Dari usaha warkop selama bertahun-tahun itu, lanjut Rasyid, rekan-rekan sekampung dia mampu meraup cuan lumayan. Sebagian rekan Rasyid bahkan sudah mampu membeli rumah tinggal dan sawah yang luas di kampung.
"Apalagi di Jogja, banyak burjo semi kafe di sana. Memang zamannya sekarang kita harus inovasi juga supaya pembeli seneng mampir. Kalau di Jakarta, pada nyebar di (Jakarta) Utara. Ada di Tanjung Priok, dekat UNJ (Universitas Negeri Jakarta) ada," kata Rasyid.
Meski bernuansa kafe, menu makanan dan minuman tetap khas warkop. Indomie kornet, susu, telur, madu dan jahe, roti bakar, serta kopi instan menjadi andalan warung Rasyid. Bubur kacang ijo (burjo) tak lagi dijual.
"Kalau bikin (burjo), suka enggak habis. Jadi, basi. Sekarang, lagi mau coba bikin menu baru, ketan susu," ucap Rasyid.
Jika dibanding kafe beneran, warkop Rasyid terbilang hanya punya satu kekurangan, yakni tak punya Wi-fi. Soal itu, Rasyid mengaku masih mengumpulkan modal. "Saya belum bisa pasang. Soalnya, belum laku-laku amat," ujar Rasyid.
Berlokasi di Jalan Kebahagiaan, Krukut, Taman Sari, Jakarta Barat, Warmindo Juned bisa dikata jadi salah satu perintis warkop rasa kafe di ibu kota. Bermula berupa warung tenda, Warmindo Juned pindah ke ruko sejak 2014 dan tak lagi hanya bermodalkan bangku-bangku panjang.

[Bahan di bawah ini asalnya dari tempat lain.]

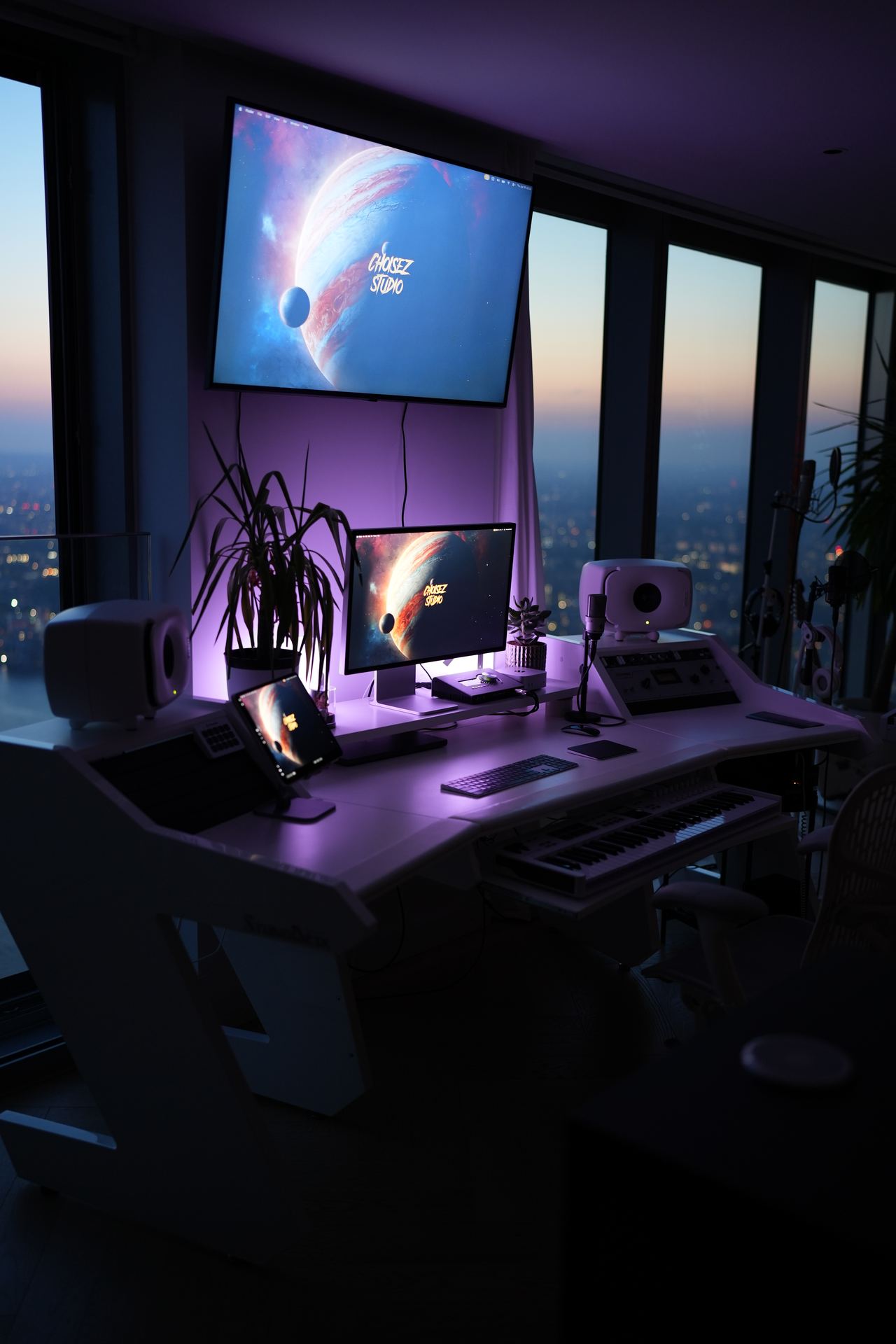 Microphone and recording setup at Choisez Studio, Canary Wharf, London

Kala itu, Warmindo Juned terpaksa mengungsi ke ruko lantaran lokasi usahanya berada di atas lahan Pemprov DKI Jakarta yang bakal dibangun trotoar. Yogie, putra Juned, kini jadi pengelola warkop yang sudah berdiri sejak 1974 itu.

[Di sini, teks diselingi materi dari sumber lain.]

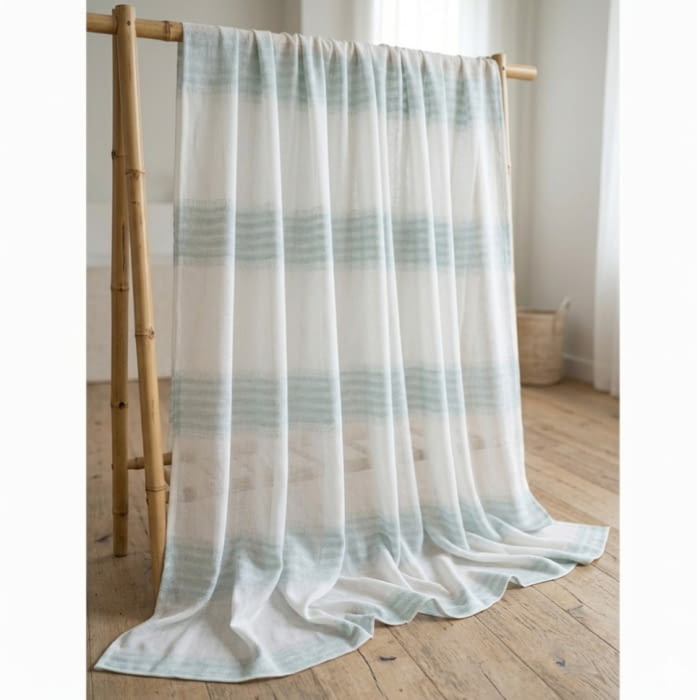 Tela visillo rayas azules verdosas 300 - 2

Kepada Alinea.id, Yogie bercerita Warmindo Juned buka 24 jam dan selalu ramai pada akhir pekan. Sehari-hari, ia dibantu 5 karyawan. Semua karyawan direkrut Yogie dari kampung halamannya di Cibatu, Garut, Jawa Barat.
"Kalau enggak mah, enggak kuat saya. Berlima aja masih kurang buat dua shift," ucap pria berusia 34 tahun itu saat berbincang dengan Alinea.id di Warmindo Juned, Jumat (23/12).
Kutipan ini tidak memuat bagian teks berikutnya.